The right player can change a franchise’s fortunes. The NFL Draft has evolved from the 60’s where players usually didn’t train for the draft, it has become more modernized in an attempt for teams to find good players.
The physical and mental tests that the league has developed over the years evolve with each group of players and the aptitude tests have gotten more attention in an attempt to gauge intelligence.
Players like QB Ryan Fitzpatrick, who ace the quiz portion, didn’t always see their talents translate to the game. Players like DE Mike Mamula, blew up the combine with the physical portion, didn’t translate to gameday success as their bodies could not handle the proper physicality.
The biggest fail of the combine in recent memory? Ask Green Bay Packers fans about that offensive lineman. Yup, its Tony Mandarich.
A perfect body for a lineman, great scores in physical drills. But no agility on tape and instead, he looked bigger than expected. Sure enough, Mandarich went #2 overall and was abused from the beginning.
Steroid issues, combined with not having the proper techniques and Sports Illustrated blowing him up, left Mandarich in the dust and ultiamtely brought him to the point of being a huge bust.
The Packers could have had Barry Sanders, Deion Sanders, or Derrick Thomas. Instead they chose science and technology hype through drills.
Ultimately they paid the price and it left a lasting reminder to general managers today about falling in love with technology instead of what is seen on tape against competition.
Coaches nowadays are being more careful and doing thorough research on all players, particularly quarterback because the investment made in one is lot more expensive than what you invest in another player.
This group’s QB crop has a lot to pick from and potentially, a consensus #1 overall pick, heightens the need for having the belief that the pick will be the right pick.
The 1998 Draft between Peyton Manning and Ryan Leaf was seen at the time as so close and so unpredictable. Yet now, we all know what everyone else knew. Manning was the safe pick and a Hall of Famer while Leaf………was a bust waiting to happen.
Must we forget Jamarcus Russell in 2007. Al Davis gave into the physical specimen when it wasn’t a safe pick. A portion of the media and fans already knew it wouldn’t work with Davis.

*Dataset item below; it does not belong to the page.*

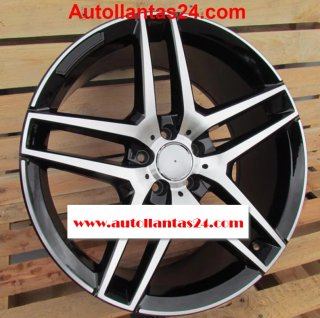 2081 Pack 4 llantas para mercedes benz r918142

In the end, the Raiders passed on stars like Calvin Johnson, Joe Thomas, and Adrian Peterson. All because of drill scores and emotional sights of a potential franchise player that eventually set the franchise back for years.
Also noted by many, If scouts were so sure figuring out how quarterbacks are supposed to be selected, how come these so called “experts” let Tom Brady slip to the 6th round?

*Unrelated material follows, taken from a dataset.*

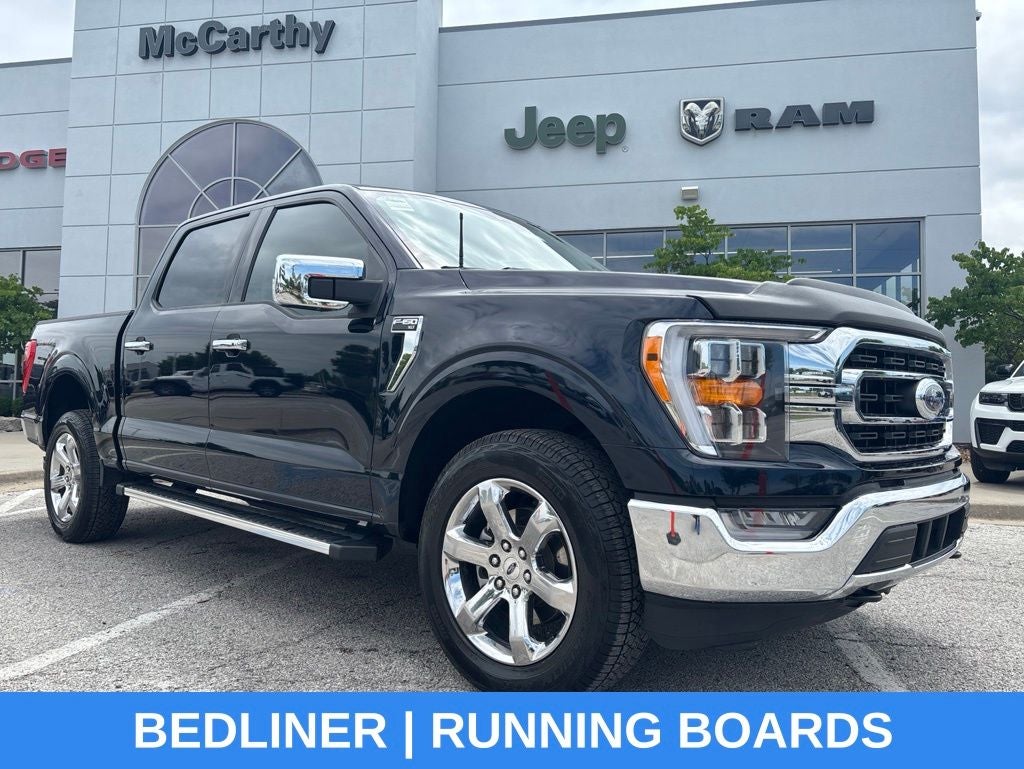 2022 Ford F-150 XLT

Brady went in the 6th round while six quarterbacks were taken ahead of him. Only one (Chris Redman, Ravens) has earned a championship ring while Tom has won 6.
The pick that stunned everyone in that draft was is that a quarterback who completed less than 50% of his passes in Spergon Wynn was taken ahead of Tom Brady by Cleveland Browns because of his physical makeup which consisted of a strong arm and high athletic ability.
Needles to say, Wynn deteriorated and never achieved any NFL prosperity unlike the man taken after him in Tom Brady.
A recent prospect in WR John Ross provided us all with the much needed information that speed alone doesn’t win in the NFL. Ross ran 4.22 40-yard dash, yet his skill set has not translated and hence he remains a bust.
The ultimate tipping point? The mental makeup and off the field issues. You can’t measure that or test for it, you have social media now to help figure that out.
Ask Johnny Manziel how things are. Immaturity at the combine and even during the pro-day, combined with bad work habits left the talented superstar out of the league and ultimately out of football.
The late Lawrence Phillips blew up the combine and the field with his stellar play, but his violence issues combined with drug abuse kept him off the field and sadly, he wound up dead in prison. A colossal waste of an investment and talent.
So if a general manager chooses to read this and ignore, don’t take my word for it. Just look at history. It does have a tendency to repeat itself. For better…..or for worse.